This repository contains my individual project for the course Big Data Computing of the academic year 2021/22, held by professor Gabriele Tolomei at La Sapeinza univerisity.
The goal of this project is to predict if a passenger is satisfied air travel, based on travel and costumer data. This is an example of binary classification: satisfied or not.
Airline Passenger Satisfaction. Source: https://www.kaggle.com/datasets/teejmahal20/airline-passenger-satisfaction?select=train.csv This dataset contains nearly 130,000 rows, and 23 attributes.
This is a short description of dataset’s attributes:
- Gender: Gender of the passengers (Female, Male)
- Customer Type: The customer type (Loyal customer, disloyal customer)
- Age: The actual age of the passengers
- Type of Travel: Purpose of the flight of the passengers (Personal Travel, Business Travel)
- Class: Travel class in the plane of the passengers (Business, Eco, Eco Plus)

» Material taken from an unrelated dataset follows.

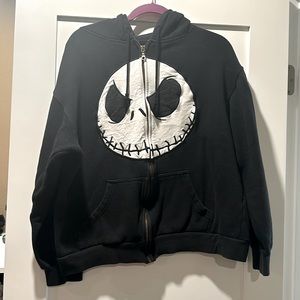Black Nightmare Before Christmas jacket, unisex size Medium from Disneyland.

- Flight distance: The flight distance of this journey
- nflight wifi service: Satisfaction level of the inflight wifi service (0:Not Applicable;1-5)
- Departure/Arrival time convenient: Satisfaction level of Departure/Arrival time convenient
- Ease of Online booking: Satisfaction level of online booking
- Gate location: Satisfaction level of Gate location
- Food and drink: Satisfaction level of Food and drink
- Online boarding: Satisfaction level of online boarding
- Seat comfort: Satisfaction level of Seat comfort
- Inflight entertainment: Satisfaction level of inflight entertainment
- On-board service: Satisfaction level of On-board service
- Leg room service: Satisfaction level of Leg room service
- Baggage handling: Satisfaction level of baggage handling
- Check-in service: Satisfaction level of Check-in service
- Inflight service: Satisfaction level of inflight service
- Cleanliness: Satisfaction level of Cleanliness
- Departure Delay in Minutes: Minutes delayed when departure
- Arrival Delay in Minutes: Minutes delayed when Arrival
- Satisfaction: Airline satisfaction level (Satisfaction, neutral or dissatisfaction)
To reach the goal I’m going to apply these methods:
- Logistic Regression
- Gaussian Naïve-Bayes
- Random Forest
To evaluate the performance, I’m going to use the evaluation metrics:
- AUROC
- Precision